At the court, the judge asked the principal if he understood what defying a court order means. The school’s lawyers, convinced that the school had blundered, applied that the principal be granted bail. During the hearing, the judge enlightened that the parties when such civil matters occur, settling it out of court is always the first option. But the school’s lawyers shocked everyone when they said they were not aware of the matter.
But lawyers on both sides spent the next hour conferring over the matter. At the meeting, the school’s lawyers told the lawyer of young Baba’s family that they were surprised to learn that Baba’s family had reached out to the school to allow them to be heard. The lawyers said were not aware.
Young Baba’s mother, Kinneh, was at this meeting which took place at the high court in Banjul. This was the very day the principal was hauled up before court.
“One of the school’s lawyers said I should apologise because I went to the school and insulted the principal,” Kinneh says.
“I she wasn’t going to apologise because I didn’t insult anyone. I didn’t create any scene at the school as is being alleged. The school has cameras everywhere. There was this teaching who was shouting.”
At the meeting, Marina International School lawyers said they will find a way of addressing the issue so that things could return to the way it was and young Baba returns to school. They meant speaking to the school authorities so they could end their campaign against Baba.
Young Baba himself was at the high court on that fateful day and traumatised by the events told his mother he was scared of going back to Marina.
“He looked and me and said, ‘mommy, I’m scared of going back to the school,'” Kinneh says.
“Two of the school’s lawyers Bori Touray and Lubna Farage who heard him say this felt sad.”
After everything ended at the high court, the school’s board chairperson who is at the heart of the campaign against Baba called an emergency meeting where it was decided that the school be closed.
On Saturday March 2, 2019, all parents were sent emails regarding the closure of the school. The unsuspecting parents quickly bought into the story that the school sold them – that young Baba was caught spinning a car, blowing dust and putting the lives of hundreds of students at risk.
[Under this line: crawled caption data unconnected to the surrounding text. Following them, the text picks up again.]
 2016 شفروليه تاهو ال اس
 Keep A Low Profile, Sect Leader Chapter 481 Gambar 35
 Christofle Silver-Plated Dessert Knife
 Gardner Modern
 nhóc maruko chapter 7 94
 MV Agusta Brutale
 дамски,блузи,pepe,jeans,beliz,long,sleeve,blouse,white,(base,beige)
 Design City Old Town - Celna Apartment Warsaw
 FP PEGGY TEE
On Monday March 4, 2019, a well-attended PTA meeting was held in the school and the principal who spoke at the event said he will not come to school if young Baba returned to the school. Teachers said they will not teach, students said they will not come to school.
But at this meeting, one of the school’s lawyer’s said young Baba should return to the school as it was a court order. One parent shouted, ‘to hell with the court order.’
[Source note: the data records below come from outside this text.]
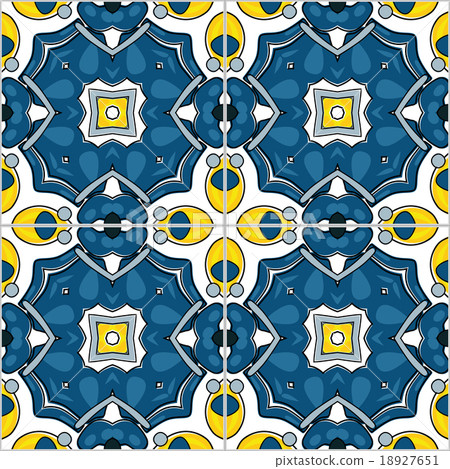 Portuguese tiles 18927651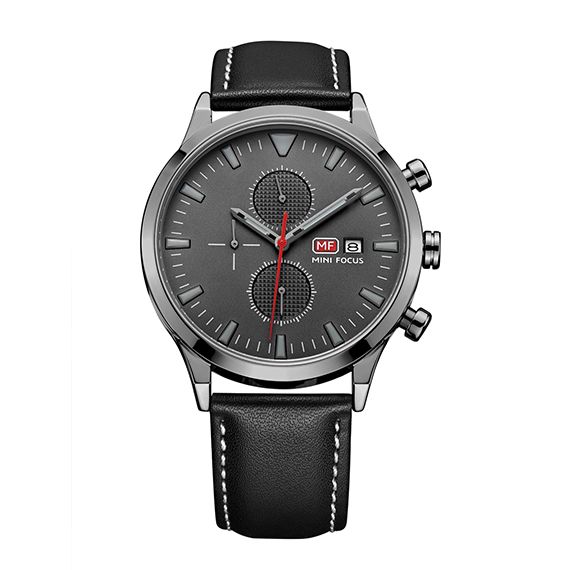 Relógio MINI FOCUS todo funcional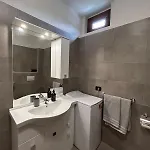 Casa Murin Apartment Grosio
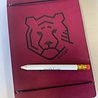 GolfRebels Personalisierte Scorekartenmappen aus Leder GolfRebels Personalisierte Scorekartenmappen aus Leder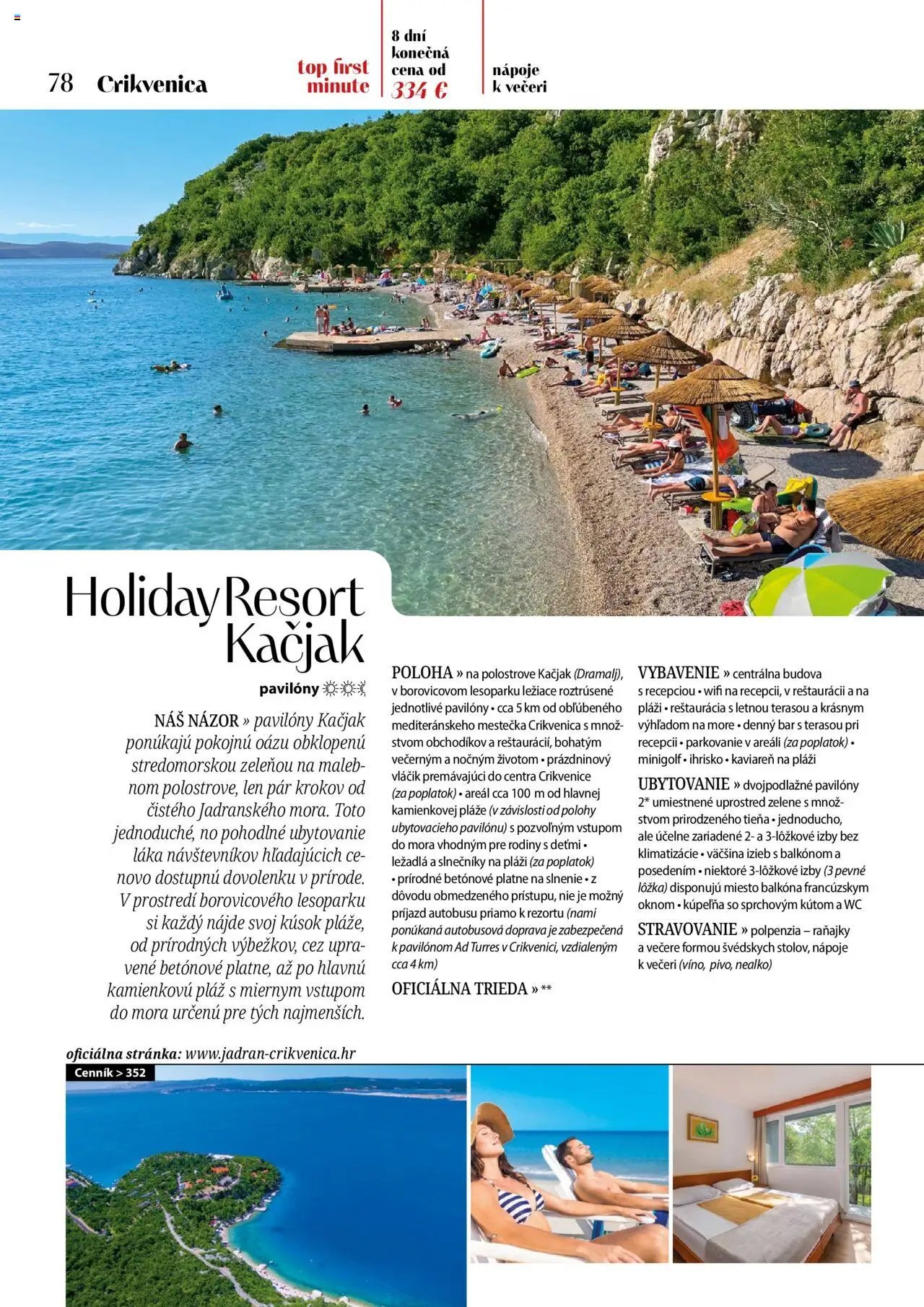 TIP travel leták (2024-11-22 - 2025-12-31) | 78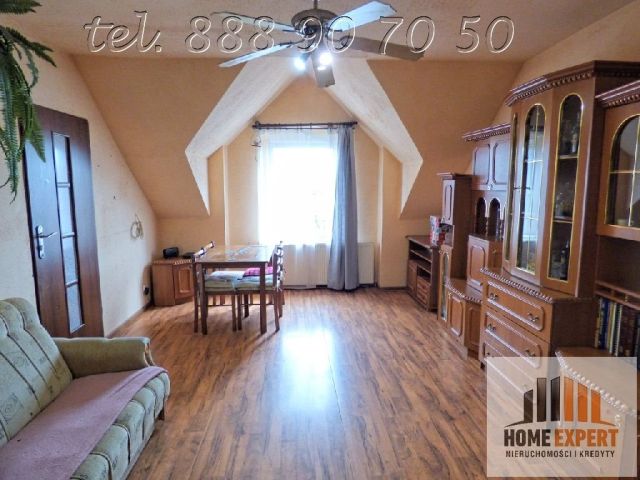 Mieszkanie 3-pokojowe Bogatynia, ul. Stefana Batorego. Zdjęcie 1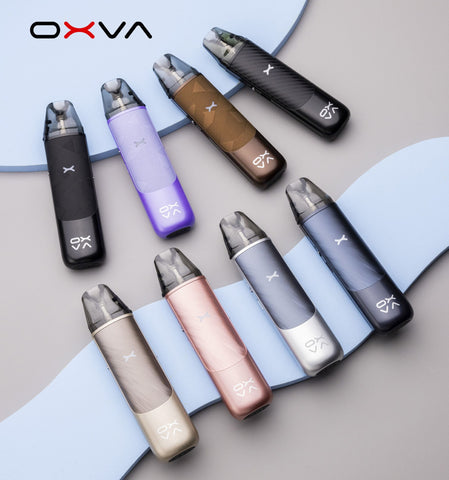 Oxva Nexlim Go Pod Kit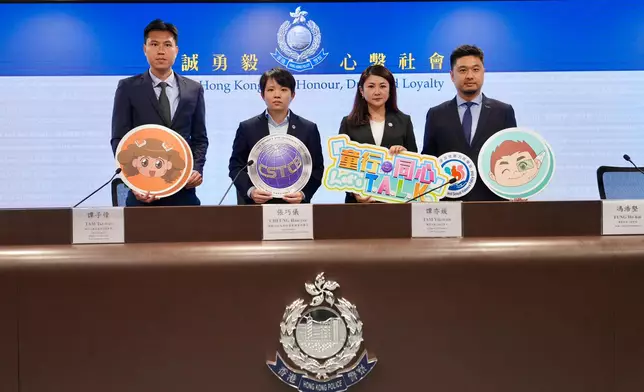 香港警方聯同新加坡、馬來西亞、日本、韓國、泰國以及汶萊警方，於3月23日至4月17日展開代號為「跨欄」的執法行動以打擊兒童色情物品相關罪行。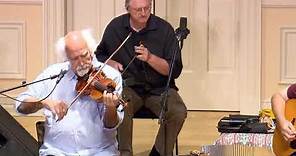 BeauSoleil Quartet: Cajun Music from Louisiana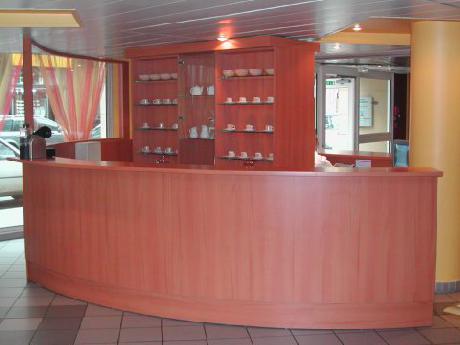 Sejours et Affaires Saxe Gambetta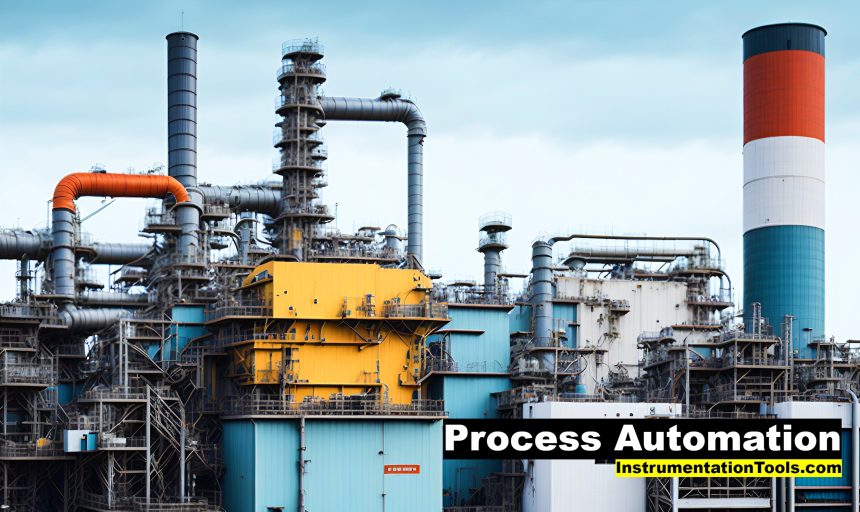 Process Automation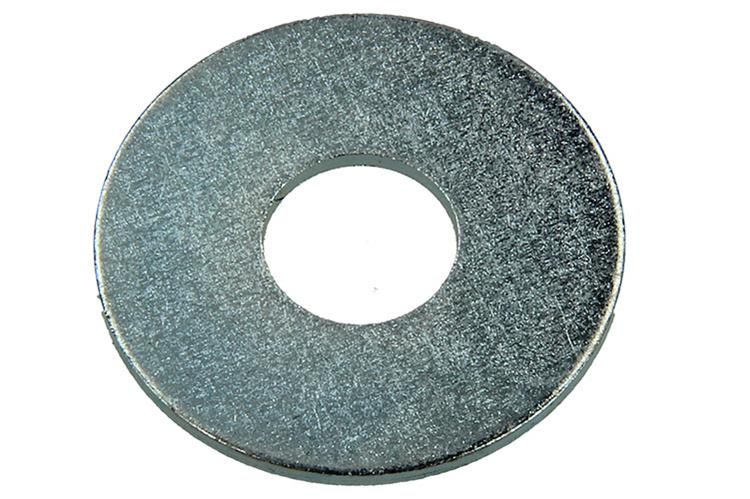 Mack 1017744 - carrosserie sluitring verzinkt8 st 13,0 x 35 mm | 10 stuks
On her part, chairperson of the school’s board who many accuse of fronting the campaign said if young Baba returns to the school, he would be put to a corner and no teacher would teach him. The meeting ended with almost every parent convinced that Baba is a criminal whose return is unthinkable. They all said if young Baba was going to return to the school, they were not going to allow their children go to the school.
At home, family members asked Kinneh not to allow young Baba to return to the school.
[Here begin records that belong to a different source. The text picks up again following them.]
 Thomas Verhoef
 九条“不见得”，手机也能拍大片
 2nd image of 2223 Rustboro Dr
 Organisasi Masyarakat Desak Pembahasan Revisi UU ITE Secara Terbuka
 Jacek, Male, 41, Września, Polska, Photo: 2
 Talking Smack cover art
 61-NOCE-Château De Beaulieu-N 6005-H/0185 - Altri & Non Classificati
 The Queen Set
“They came and asked me not to allow Baba to come to school on Wednesday. They also wanted me to withdraw the case,” Kinneh says.
On Wednesday February 6, Marina reopened to business. Young Baba, as per the court’s order, was to resume school. Teachers, parents and students were all braced up for Young Baba to turn up. Young Baba didn’t show up. And he hasn’t since.
“As at now, we are all traumatised. They have spoilt my son’s education. The boy’s image has already been tarnished. Wherever he goes now, people are going to run away from him,” Kinneh says.
Young Baba whose father was one of the biggest contributors to Marina International High School is now out of school. His family isn’t sure of what the future holds for him.
Young Baba is just 13 years old. This is why his real name has not been used.